### PROVIDED DATA
***
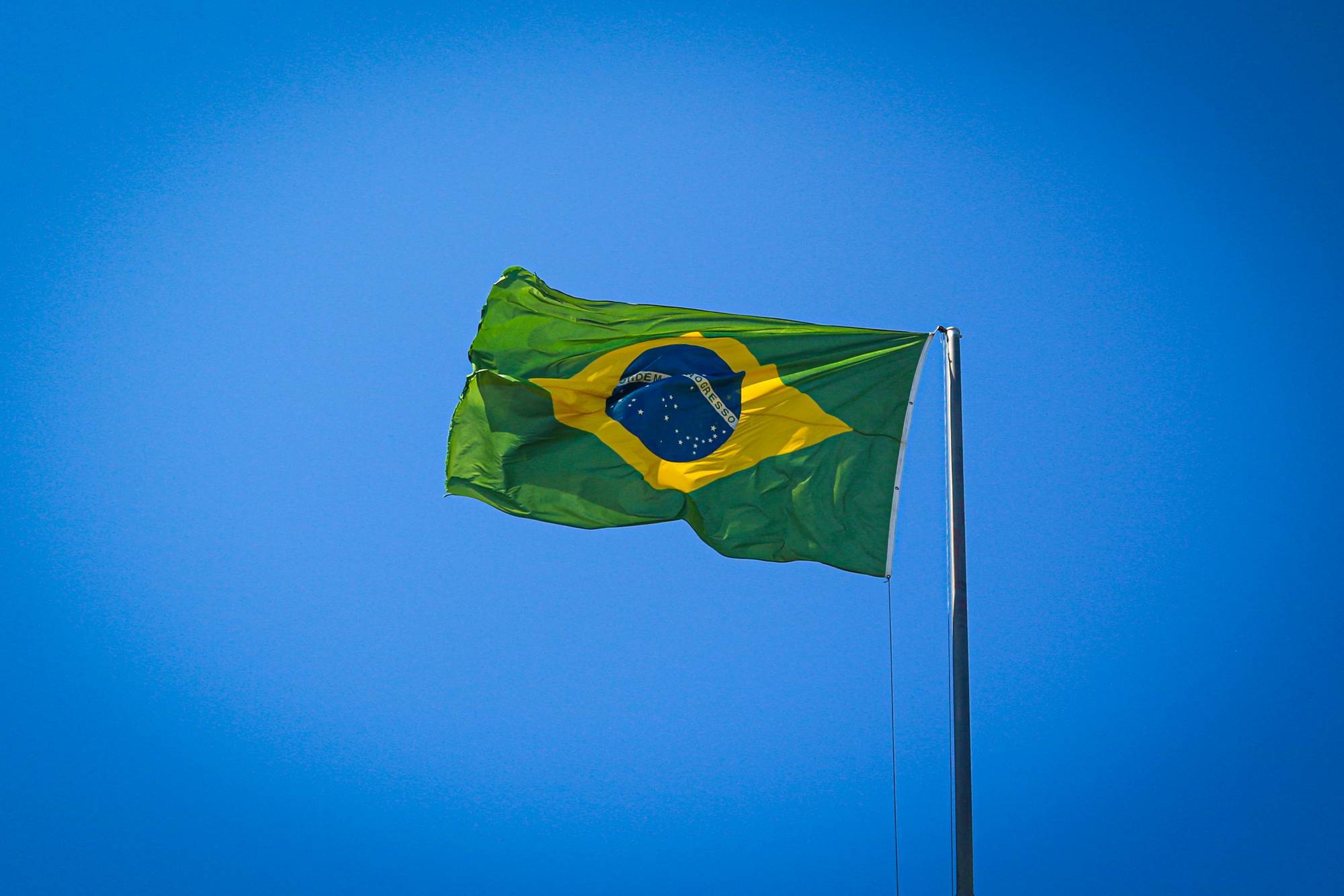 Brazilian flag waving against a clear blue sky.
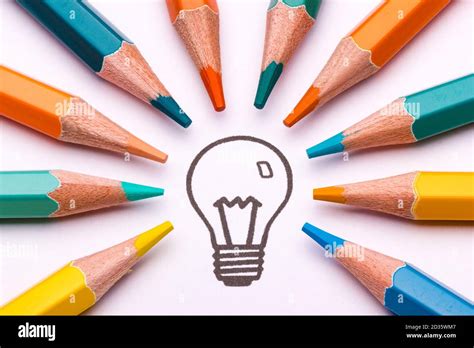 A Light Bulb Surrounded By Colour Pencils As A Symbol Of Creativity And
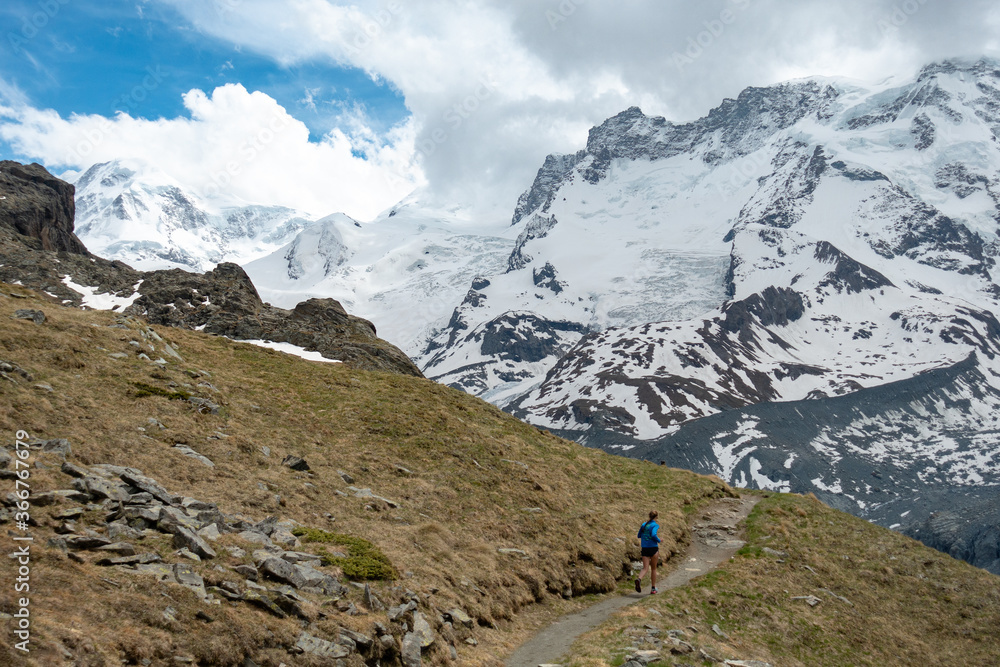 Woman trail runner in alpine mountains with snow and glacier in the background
***
### PROBLEM STATEMENT
Set the pictures aside and transcribe the data above exactly.

### RESPONSE TO THE TASK
 Brazilian flag waving against a clear blue sky.
 A Light Bulb Surrounded By Colour Pencils As A Symbol Of Creativity And
 Woman trail runner in alpine mountains with snow and glacier in the background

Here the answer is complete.